Alkalosis impairs the natriuretic response to diuretics, but the underlying mechanisms are unclear. The soluble adenylyl cyclase (sAC) is a chemosensor that mediates bicarbonate-dependent elevation of cAMP in intracellular microdomains. We hypothesized that sAC may be an important regulator of Na(+) transport in the kidney. Confocal images of rat kidney revealed specific immunolocalization of sAC in collecting duct cells, and immunoblots confirmed sAC expression in mouse cortical collecting duct (mpkCCD(c14)) cells. These cells exhibit aldosterone-stimulated transepithelial Na(+) currents that depend on both the apical epithelial Na(+) channel (ENaC) and basolateral Na(+),K(+)-ATPase. RNA interference-mediated 60-70% knockdown of sAC expression comparably inhibited basal transepithelial short circuit currents (I(sc)) in mpkCCD(c14) cells. Moreover, the sAC inhibitors KH7 and 2-hydroxyestradiol reduced I(sc) in these cells by 50-60% within 30 min. 8-Bromoadenosine-3',5'-cyclic-monophosphate substantially rescued the KH7 inhibition of transepithelial Na(+) current. Aldosterone doubled ENaC-dependent I(sc) over 4 h, an effect that was abolished in the presence of KH7. The sAC contribution to I(sc) was unaffected with apical membrane nystatin-mediated permeabilization, whereas the sAC-dependent Na(+) current was fully inhibited by basolateral ouabain treatment, suggesting that the Na(+),K(+)-ATPase, rather than ENaC, is the relevant transporter target of sAC. Indeed, neither overexpression of sAC nor treatment with KH7 modulated ENaC currents in Xenopus oocytes. ATPase and biotinylation assays in mpkCCD(c14) cells demonstrated that sAC inhibition decreases catalytic activity rather than surface expression of the Na(+),K(+)-ATPase. In summary, these results suggest that sAC regulates both basal and agonist-stimulated Na(+) reabsorption in the kidney collecting duct, acting to enhance Na(+),K(+)-ATPase activity.

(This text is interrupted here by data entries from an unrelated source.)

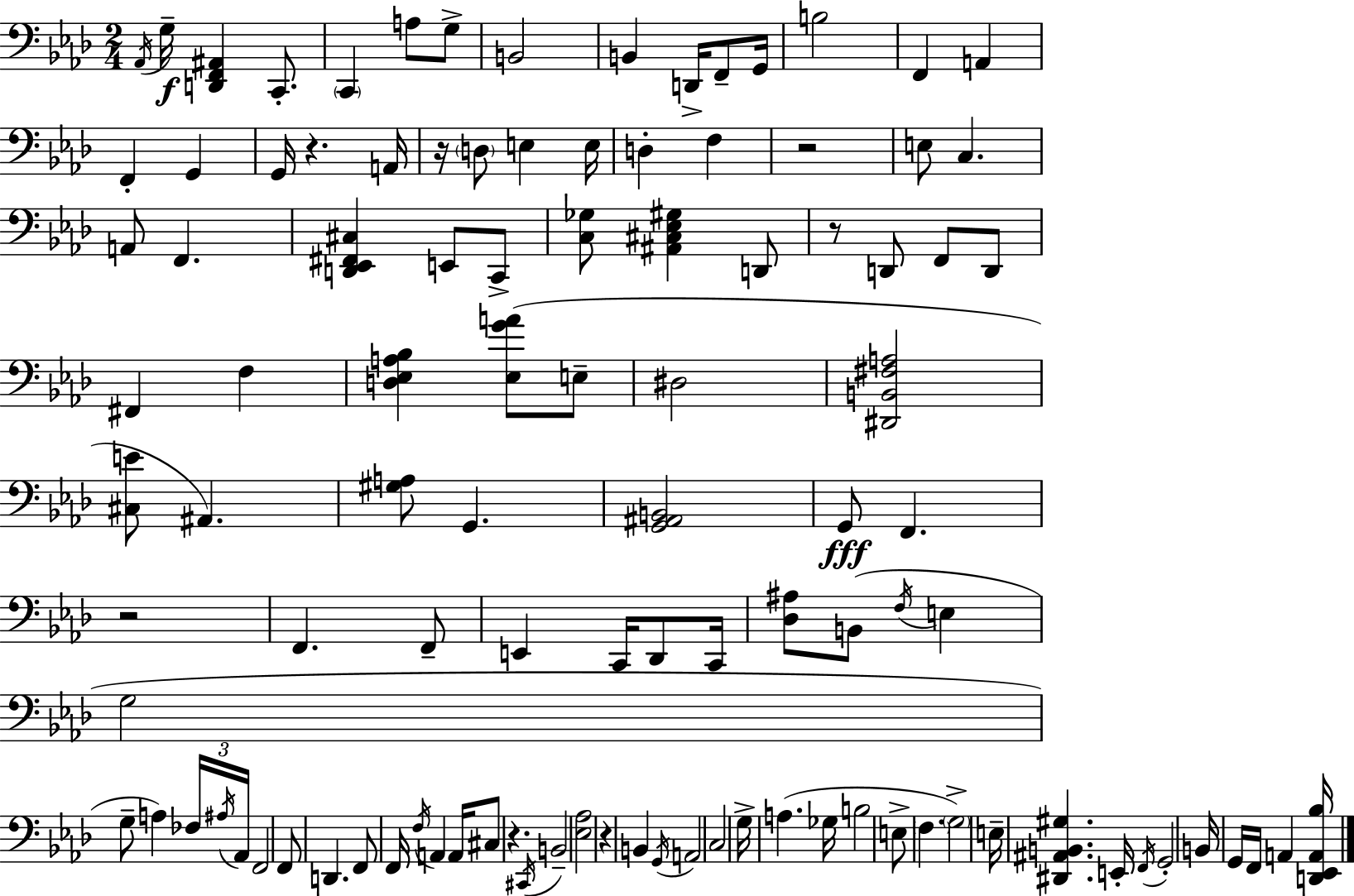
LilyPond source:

{
  \clef bass
  \numericTimeSignature
  \time 2/4
  \key aes \major
  \acciaccatura { aes,16 }\f g16-- <d, f, ais,>4 c,8.-. | \parenthesize c,4 a8 g8-> | b,2 | b,4 d,16-> f,8-- | \break g,16 b2 | f,4 a,4 | f,4-. g,4 | g,16 r4. | \break a,16 r16 \parenthesize d8 e4 | e16 d4-. f4 | r2 | e8 c4. | \break a,8 f,4. | <d, ees, fis, cis>4 e,8 c,8-> | <c ges>8 <ais, cis ees gis>4 d,8 | r8 d,8 f,8 d,8 | \break fis,4 f4 | <d ees a bes>4 <ees g' a'>8( e8-- | dis2 | <dis, b, fis a>2 | \break <cis e'>8 ais,4.) | <gis a>8 g,4. | <g, ais, b,>2 | g,8\fff f,4. | \break r2 | f,4. f,8-- | e,4 c,16 des,8 | c,16 <des ais>8 b,8( \acciaccatura { f16 } e4 | \break g2 | g8-- a4) | \tuplet 3/2 { fes16 \acciaccatura { ais16 } aes,16 } f,2 | f,8 d,4. | \break f,8 f,16 \acciaccatura { f16 } a,4 | a,16 cis8 r4. | \acciaccatura { cis,16 } b,2-- | <ees aes>2 | \break r4 | b,4 \acciaccatura { g,16 } a,2 | c2 | g16-> a4.( | \break ges16 b2 | e8-> | \parenthesize f4. \parenthesize g2->) | e16-- <dis, ais, b, gis>4. | \break e,16-. \acciaccatura { f,16 } g,2-. | b,16 | g,16 f,16 a,4 <d, ees, a, bes>16 \bar "|."
}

AMP-activated kinase inhibits the epithelial Na+ channel through functional regulation of the ubiquitin ligase Nedd4-2.

We recently found that the metabolic sensor AMP-activated kinase (AMPK) inhibits the epithelial Na+ channel (ENaC) through decreased plasma membrane ENaC expression, an effect requiring the presence of a binding motif in the cytoplasmic tail of the beta-ENaC subunit for the ubiquitin ligase Nedd4-2. To further examine the role of Nedd4-2 in the regulation of ENaC by AMPK, we studied the effects of AMPK activation on ENaC currents in Xenopus oocytes co-expressing ENaC and wild-type (WT) or mutant forms of Nedd4-2. ENaC inhibition by AMPK was preserved in oocytes expressing WT Nedd4-2 but blocked in oocytes expressing either a dominant-negative (DN) or constitutively active (CA) Nedd4-2 mutant, suggesting that AMPK-dependent modulation of Nedd4-2 function is involved. Similar experiments utilizing WT or mutant forms of the serum- and glucocorticoid-regulated kinase (SGK1), modulators of protein kinase A (PKA), or extracellular-regulated kinase (ERK) did not affect ENaC inhibition by AMPK, suggesting that these pathways known to modulate the Nedd4-2-ENaC interaction are not responsible. AMPK-dependent phosphorylation of Nedd4-2 expressed in HEK-293 cells occurred both in vitro and in vivo, suggesting a potential mechanism for modulation of Nedd4-2 and thus cellular ENaC activity. Moreover, cellular AMPK activation significantly enhanced the interaction of the beta-ENaC subunit with Nedd4-2, as measured by co-immunoprecipitation assays in HEK-293 cells. In summary, these results suggest a novel mechanism for ENaC regulation in which AMPK promotes ENaC-Nedd4-2 interaction, thereby inhibiting ENaC by increasing Nedd4-2-dependent ENaC retrieval from the plasma membrane. AMPK-dependent ENaC inhibition may limit cellular Na+ loading under conditions of metabolic stress when AMPK becomes activated.